Today there is no space left for window shopping or parking of vehicles in Lusaka’s CBD as all spaces have become of commercial use not only by street vendors but even shop owners as well.
What is most ill-starred is that street vendors, whom we have allowed back, do not dare dump the litter that they generate in the right places.
Much of this clutter by street vendors as usual ends up in drainages causing immense blockages such that any time the city receives even little rains, the whole CBD becomes a lake.
Those heaps and sacks of refuse probably dumped in the drainage by communities in many parts of Lusaka is indeed already a recipe for disaster because they encumber the smooth flow of water.
These logjams have the capacity to destroy the drainage and the next thing the people will be demanding is for the council to go and release the drainages. Disappointingly, Zambians appear to have a very diffident habit of throwing litter anyhow.

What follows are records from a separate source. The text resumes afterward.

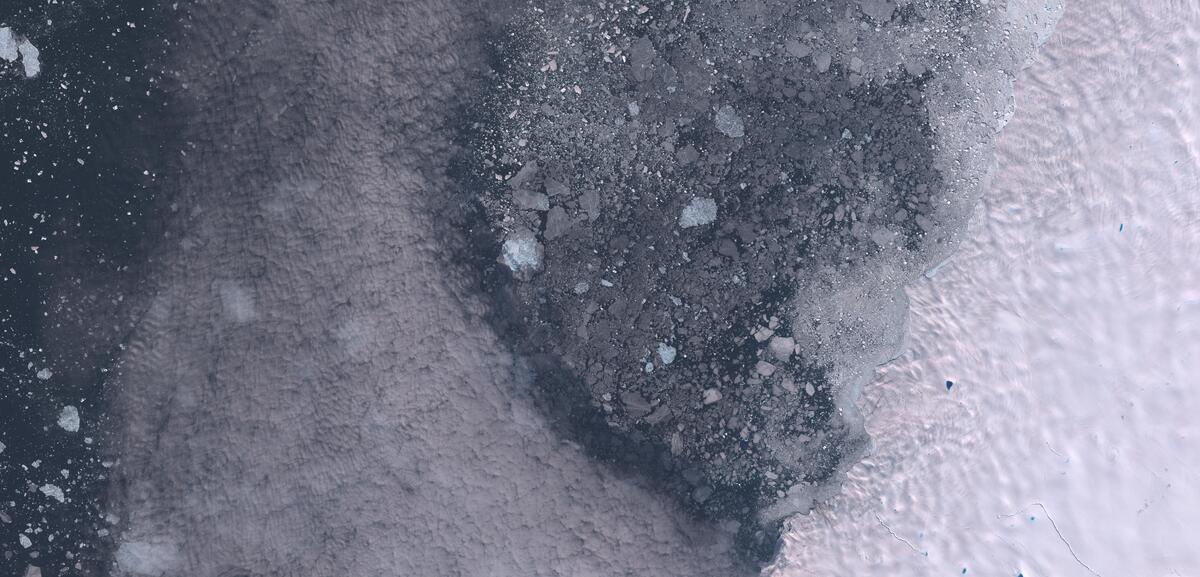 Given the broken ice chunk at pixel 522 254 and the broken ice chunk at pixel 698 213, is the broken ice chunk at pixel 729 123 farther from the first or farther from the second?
the broken ice chunk at pixel 522 254

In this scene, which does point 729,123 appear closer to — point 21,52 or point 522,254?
point 522,254

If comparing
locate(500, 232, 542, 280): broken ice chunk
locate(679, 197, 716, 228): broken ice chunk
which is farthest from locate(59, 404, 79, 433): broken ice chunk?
locate(679, 197, 716, 228): broken ice chunk

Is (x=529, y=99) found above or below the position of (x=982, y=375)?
above

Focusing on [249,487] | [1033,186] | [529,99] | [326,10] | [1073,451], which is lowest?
[1073,451]

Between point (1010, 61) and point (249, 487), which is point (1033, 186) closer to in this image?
point (1010, 61)

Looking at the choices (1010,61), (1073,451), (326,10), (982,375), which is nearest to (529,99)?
(326,10) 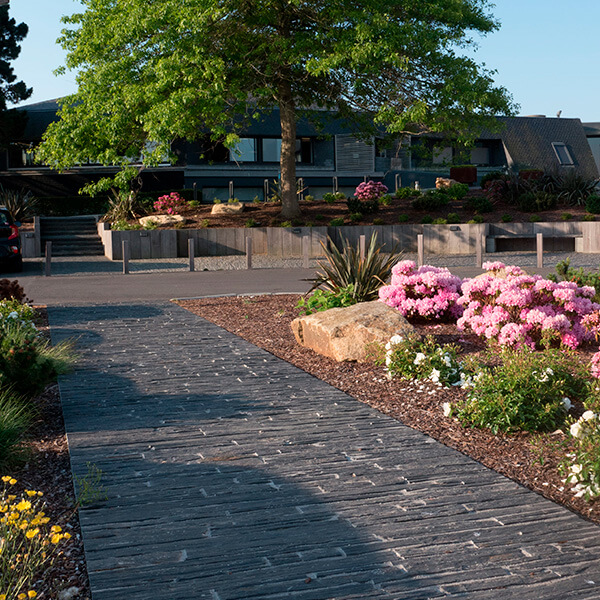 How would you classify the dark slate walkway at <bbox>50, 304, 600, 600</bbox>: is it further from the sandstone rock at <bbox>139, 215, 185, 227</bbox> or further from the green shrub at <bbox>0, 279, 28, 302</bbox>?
the sandstone rock at <bbox>139, 215, 185, 227</bbox>

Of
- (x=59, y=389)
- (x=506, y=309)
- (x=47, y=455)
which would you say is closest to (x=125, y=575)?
(x=47, y=455)

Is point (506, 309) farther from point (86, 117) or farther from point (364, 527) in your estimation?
point (86, 117)

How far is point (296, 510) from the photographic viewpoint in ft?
14.8

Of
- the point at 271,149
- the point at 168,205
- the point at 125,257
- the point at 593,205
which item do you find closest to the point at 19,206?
the point at 168,205

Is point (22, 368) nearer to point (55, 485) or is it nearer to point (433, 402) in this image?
point (55, 485)

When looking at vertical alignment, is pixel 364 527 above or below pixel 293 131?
below

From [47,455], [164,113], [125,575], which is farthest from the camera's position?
[164,113]

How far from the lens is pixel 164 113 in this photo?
22750 millimetres

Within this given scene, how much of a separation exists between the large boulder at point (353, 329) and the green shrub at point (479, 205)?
20.5 meters

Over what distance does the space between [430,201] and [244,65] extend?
8.82m

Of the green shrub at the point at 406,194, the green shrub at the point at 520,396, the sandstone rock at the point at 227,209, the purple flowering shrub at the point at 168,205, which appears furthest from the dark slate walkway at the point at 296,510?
the green shrub at the point at 406,194

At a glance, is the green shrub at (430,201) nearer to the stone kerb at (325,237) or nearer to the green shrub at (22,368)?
the stone kerb at (325,237)

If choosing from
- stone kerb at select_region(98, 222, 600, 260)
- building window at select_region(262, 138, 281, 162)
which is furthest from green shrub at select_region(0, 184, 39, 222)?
building window at select_region(262, 138, 281, 162)

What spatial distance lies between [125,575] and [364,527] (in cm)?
128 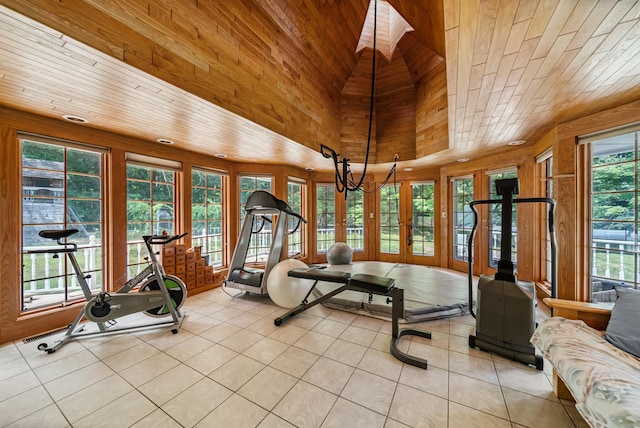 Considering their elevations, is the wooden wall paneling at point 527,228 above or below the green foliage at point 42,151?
below

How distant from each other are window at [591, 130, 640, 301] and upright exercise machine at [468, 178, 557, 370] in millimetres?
1240

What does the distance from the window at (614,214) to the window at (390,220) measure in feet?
11.6

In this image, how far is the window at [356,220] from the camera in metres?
6.43

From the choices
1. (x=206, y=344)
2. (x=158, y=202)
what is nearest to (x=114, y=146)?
(x=158, y=202)

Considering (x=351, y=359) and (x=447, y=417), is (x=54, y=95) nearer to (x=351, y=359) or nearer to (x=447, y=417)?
(x=351, y=359)

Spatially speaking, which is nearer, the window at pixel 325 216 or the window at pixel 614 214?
the window at pixel 614 214

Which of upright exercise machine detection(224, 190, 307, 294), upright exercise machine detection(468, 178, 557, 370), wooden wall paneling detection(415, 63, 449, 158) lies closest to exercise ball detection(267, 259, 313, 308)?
upright exercise machine detection(224, 190, 307, 294)

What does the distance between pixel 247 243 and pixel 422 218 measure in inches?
166

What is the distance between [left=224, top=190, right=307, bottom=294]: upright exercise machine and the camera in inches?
148

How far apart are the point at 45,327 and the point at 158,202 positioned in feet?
6.58

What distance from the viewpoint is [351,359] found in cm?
221

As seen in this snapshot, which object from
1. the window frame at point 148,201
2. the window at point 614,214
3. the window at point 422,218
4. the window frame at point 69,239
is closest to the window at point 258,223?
the window frame at point 148,201

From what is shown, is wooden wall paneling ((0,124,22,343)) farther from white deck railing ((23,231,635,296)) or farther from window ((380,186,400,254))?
window ((380,186,400,254))

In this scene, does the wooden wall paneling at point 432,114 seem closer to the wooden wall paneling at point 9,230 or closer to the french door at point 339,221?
the french door at point 339,221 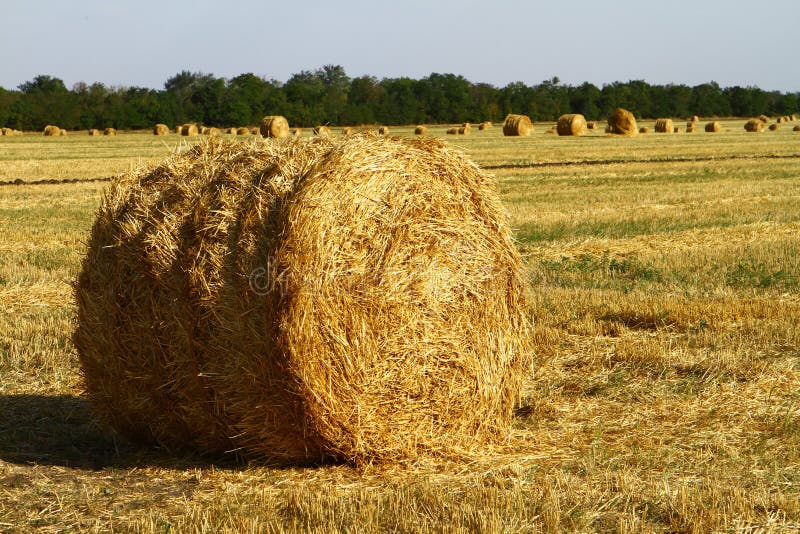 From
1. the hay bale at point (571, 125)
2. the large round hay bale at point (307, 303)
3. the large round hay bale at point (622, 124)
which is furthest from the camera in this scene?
the hay bale at point (571, 125)

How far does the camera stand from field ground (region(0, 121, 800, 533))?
4.68 metres

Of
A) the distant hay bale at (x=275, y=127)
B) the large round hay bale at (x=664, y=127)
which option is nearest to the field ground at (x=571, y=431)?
the distant hay bale at (x=275, y=127)

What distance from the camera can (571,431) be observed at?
6.15 meters

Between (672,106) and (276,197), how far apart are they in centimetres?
8702

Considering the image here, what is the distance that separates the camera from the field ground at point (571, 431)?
4676 mm

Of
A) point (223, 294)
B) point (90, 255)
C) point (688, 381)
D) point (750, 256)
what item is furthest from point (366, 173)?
point (750, 256)

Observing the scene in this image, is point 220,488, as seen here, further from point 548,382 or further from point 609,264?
point 609,264

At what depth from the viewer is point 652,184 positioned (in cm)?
2128

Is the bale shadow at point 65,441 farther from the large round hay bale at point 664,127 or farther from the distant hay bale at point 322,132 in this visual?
the large round hay bale at point 664,127

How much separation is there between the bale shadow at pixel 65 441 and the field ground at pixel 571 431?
2 cm

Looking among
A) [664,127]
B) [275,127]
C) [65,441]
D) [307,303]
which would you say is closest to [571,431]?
[307,303]

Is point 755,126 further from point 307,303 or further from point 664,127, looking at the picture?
point 307,303

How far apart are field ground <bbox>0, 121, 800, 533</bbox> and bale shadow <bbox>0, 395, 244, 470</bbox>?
0.02 meters

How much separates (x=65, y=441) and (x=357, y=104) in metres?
77.7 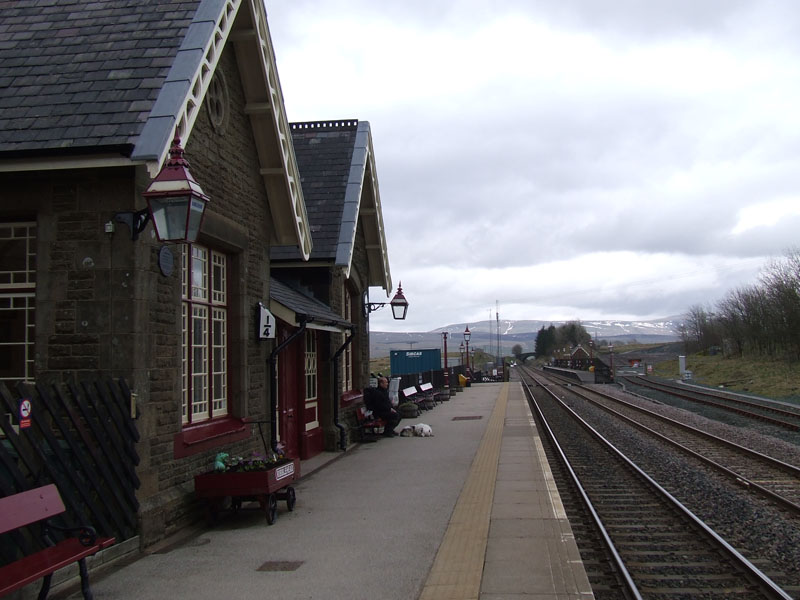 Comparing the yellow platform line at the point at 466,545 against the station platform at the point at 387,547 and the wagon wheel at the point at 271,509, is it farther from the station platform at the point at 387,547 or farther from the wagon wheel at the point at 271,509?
the wagon wheel at the point at 271,509

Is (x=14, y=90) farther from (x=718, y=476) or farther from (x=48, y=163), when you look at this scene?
(x=718, y=476)

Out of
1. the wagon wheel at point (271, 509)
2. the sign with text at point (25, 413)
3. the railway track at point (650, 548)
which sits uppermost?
the sign with text at point (25, 413)

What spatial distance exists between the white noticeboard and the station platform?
2280 millimetres

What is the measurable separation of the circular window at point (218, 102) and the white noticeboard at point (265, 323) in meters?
2.52

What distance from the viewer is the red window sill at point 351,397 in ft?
51.7

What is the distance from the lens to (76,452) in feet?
20.4

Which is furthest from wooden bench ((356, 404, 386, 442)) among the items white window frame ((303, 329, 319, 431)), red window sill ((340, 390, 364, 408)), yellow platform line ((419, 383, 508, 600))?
yellow platform line ((419, 383, 508, 600))

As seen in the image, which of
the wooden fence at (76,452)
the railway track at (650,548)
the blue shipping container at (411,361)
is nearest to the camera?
the wooden fence at (76,452)

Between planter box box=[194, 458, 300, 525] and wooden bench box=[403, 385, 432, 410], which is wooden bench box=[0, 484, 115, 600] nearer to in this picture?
planter box box=[194, 458, 300, 525]

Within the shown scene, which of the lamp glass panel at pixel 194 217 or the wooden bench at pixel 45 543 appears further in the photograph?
the lamp glass panel at pixel 194 217

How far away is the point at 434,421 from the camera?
71.8ft

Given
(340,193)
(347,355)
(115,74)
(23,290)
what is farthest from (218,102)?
(347,355)

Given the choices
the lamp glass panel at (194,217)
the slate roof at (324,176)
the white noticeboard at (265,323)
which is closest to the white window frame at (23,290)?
the lamp glass panel at (194,217)

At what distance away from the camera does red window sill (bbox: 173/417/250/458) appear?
7949mm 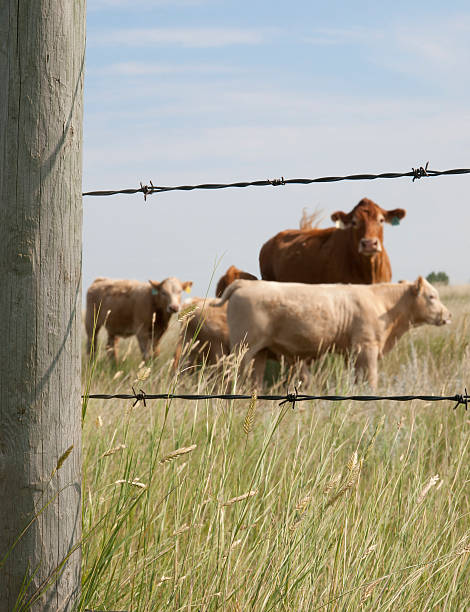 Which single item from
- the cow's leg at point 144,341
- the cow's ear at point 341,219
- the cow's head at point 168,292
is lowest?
the cow's leg at point 144,341

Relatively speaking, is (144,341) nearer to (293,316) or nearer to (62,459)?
(293,316)

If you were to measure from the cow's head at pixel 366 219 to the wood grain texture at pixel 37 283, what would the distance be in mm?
8430

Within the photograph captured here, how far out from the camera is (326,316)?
8.09m

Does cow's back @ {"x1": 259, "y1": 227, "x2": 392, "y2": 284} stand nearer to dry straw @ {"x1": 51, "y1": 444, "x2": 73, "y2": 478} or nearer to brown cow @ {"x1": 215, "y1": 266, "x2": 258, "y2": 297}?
brown cow @ {"x1": 215, "y1": 266, "x2": 258, "y2": 297}

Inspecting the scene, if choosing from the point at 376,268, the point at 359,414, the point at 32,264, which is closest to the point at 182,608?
the point at 32,264

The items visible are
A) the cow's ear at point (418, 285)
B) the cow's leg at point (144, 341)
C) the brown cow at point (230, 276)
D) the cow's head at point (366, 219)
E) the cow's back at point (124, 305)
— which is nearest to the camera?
the cow's ear at point (418, 285)

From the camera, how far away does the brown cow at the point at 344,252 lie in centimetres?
1039

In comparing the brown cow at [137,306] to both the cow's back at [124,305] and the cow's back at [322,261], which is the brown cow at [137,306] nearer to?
the cow's back at [124,305]

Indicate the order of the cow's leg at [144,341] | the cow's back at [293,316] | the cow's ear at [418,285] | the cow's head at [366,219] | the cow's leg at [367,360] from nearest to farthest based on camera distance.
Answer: the cow's back at [293,316], the cow's leg at [367,360], the cow's ear at [418,285], the cow's head at [366,219], the cow's leg at [144,341]

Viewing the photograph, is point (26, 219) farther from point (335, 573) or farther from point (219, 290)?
point (219, 290)

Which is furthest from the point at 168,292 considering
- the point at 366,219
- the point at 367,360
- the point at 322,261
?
the point at 367,360

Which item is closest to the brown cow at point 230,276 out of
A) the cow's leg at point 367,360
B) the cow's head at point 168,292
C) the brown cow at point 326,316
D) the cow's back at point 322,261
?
the cow's back at point 322,261

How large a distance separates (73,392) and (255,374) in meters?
6.64

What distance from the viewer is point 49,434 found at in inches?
76.3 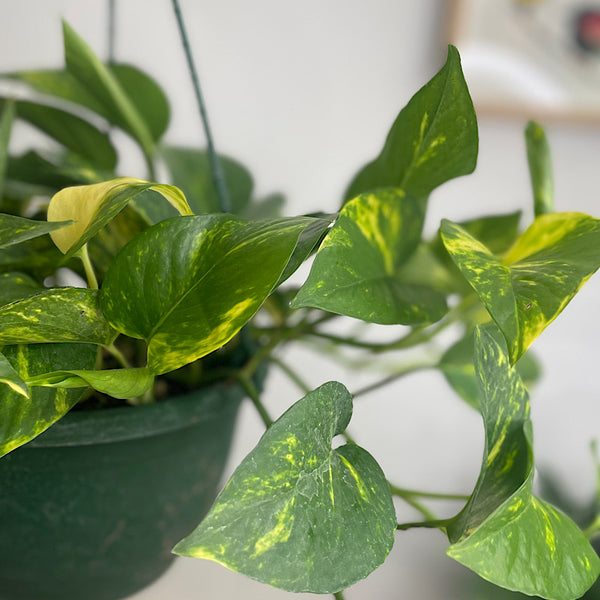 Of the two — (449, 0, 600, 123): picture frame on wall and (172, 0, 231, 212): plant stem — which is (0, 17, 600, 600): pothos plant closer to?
(172, 0, 231, 212): plant stem

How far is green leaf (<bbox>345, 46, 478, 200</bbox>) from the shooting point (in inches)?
15.0

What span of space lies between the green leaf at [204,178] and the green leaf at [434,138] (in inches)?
6.4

What we don’t seem to appreciate is that even in the new ‘world order’ that may be brought about, the building and cleaning will be done by ourselves.
It is therefore the responsibility of each and every one of us to ensure that we live in a sanitary environment by warranting that we build our Lusaka now by not throwing litter everywhere which blocks the drainage systems resulting in floods.
Even if flooding of Lusaka is not new, we must ask ourselves how we have disposed of garbage especially the polythene materials.
We have nearly everything wrapped in plastics when we buy things which we throw about and end up in drains. No one can deny today that these drainage systems have been blocked by man’s own sloppily dumping of garbage!
Bad town planning also leads to this flooding. Since independence there has been straggly building without providing space for laying pipes and lines for niceties such as sewerage, water, drainage, electricity etc.
But with good planning it is possible to stop flooding in our Lusaka’s CBD and indeed in many others parts of the city.